Sunday, December 5, 2010

Black Friday and Purple Sunday




Quite a few years ago, new to San Francisco, I was finishing up Thanksgiving Dinner when I remarked to my hosts that I thought I would go into the city the following day “Oh my god, don’t do that!” came the aghast reply. It was explained to me that “the whole world” went shopping the day after Thanksgiving, that traffic would be a snarl and that whatever I had in mind would better be put off until the following Monday.

I now wonder where I had been -- if perhaps on Mars -- for I had honestly never heard of such a thing. Of course, it was true. The following day, traffic was backed up on both bridges into the City as “le toute monde” inched along towards the Temples of Stuff. But I had never in my life thought of Thanksgiving as the starting line for a shopping frenzy.

On the contrary.

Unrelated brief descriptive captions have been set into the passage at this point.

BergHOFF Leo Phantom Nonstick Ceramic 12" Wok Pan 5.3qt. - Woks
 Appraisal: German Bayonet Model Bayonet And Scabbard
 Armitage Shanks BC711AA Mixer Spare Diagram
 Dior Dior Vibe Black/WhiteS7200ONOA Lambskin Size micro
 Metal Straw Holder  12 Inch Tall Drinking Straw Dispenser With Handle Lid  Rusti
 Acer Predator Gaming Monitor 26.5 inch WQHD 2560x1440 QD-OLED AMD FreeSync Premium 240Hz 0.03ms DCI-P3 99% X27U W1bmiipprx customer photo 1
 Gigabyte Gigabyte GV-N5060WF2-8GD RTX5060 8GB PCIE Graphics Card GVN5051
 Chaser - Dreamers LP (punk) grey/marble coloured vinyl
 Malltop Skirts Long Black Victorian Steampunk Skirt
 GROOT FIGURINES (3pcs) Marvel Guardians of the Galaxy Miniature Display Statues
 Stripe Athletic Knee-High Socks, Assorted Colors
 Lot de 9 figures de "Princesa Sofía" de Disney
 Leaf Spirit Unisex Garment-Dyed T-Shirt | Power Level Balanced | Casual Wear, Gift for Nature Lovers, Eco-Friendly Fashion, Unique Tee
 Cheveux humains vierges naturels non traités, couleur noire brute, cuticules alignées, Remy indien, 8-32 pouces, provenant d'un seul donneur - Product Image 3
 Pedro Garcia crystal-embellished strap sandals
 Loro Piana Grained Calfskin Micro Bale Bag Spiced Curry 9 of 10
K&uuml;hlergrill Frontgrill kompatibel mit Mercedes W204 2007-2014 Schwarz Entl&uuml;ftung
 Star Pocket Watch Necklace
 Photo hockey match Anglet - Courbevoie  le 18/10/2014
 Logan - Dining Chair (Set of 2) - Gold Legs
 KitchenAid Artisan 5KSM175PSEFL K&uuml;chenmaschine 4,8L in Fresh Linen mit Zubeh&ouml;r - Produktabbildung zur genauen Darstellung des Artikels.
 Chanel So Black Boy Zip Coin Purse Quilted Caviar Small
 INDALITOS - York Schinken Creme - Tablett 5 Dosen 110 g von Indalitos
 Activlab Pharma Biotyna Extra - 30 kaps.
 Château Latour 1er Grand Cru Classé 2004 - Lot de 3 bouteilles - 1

In the Christian calendar, Thanksgiving ushers in the First Sunday in Advent, which is a time for existential penance when we remember, after our blessings, the inadequacies of our existence.

Advent begins with an acknowledgement of our essential needfulness and the emptiness of even those lives that are fulfilled in their material well-being. A bountiful harvest, for which we may be duly thankful, is necessary but not sufficient. For a fortnight, with due paradox, altars are draped in purple.

Most religions recognize this spiritual fact. It is not a question of atonement, but rather a species of regret and longing. Within the multi-layered symbolism of Christianity, the resolution of our waiting is the birth, within poverty, of the Light of the World, which is sacrifice for others.

And yet, the “beauty in poverty” of the Advent season has been replaced with an Abduction which holds captive Israel ransom to the balance sheet of profit. We are told by a thousand whispering and blaring voices from a thousand corners that the emptiness of our lives will be sated by more consuming. Something missing? Buy more!

Like junk food, junk infotainment, junk politics and even junk religiosity, it leaves us fat, hungry and all the poorer.

It is an obscenity which must be snuffed out before lighting a better candle.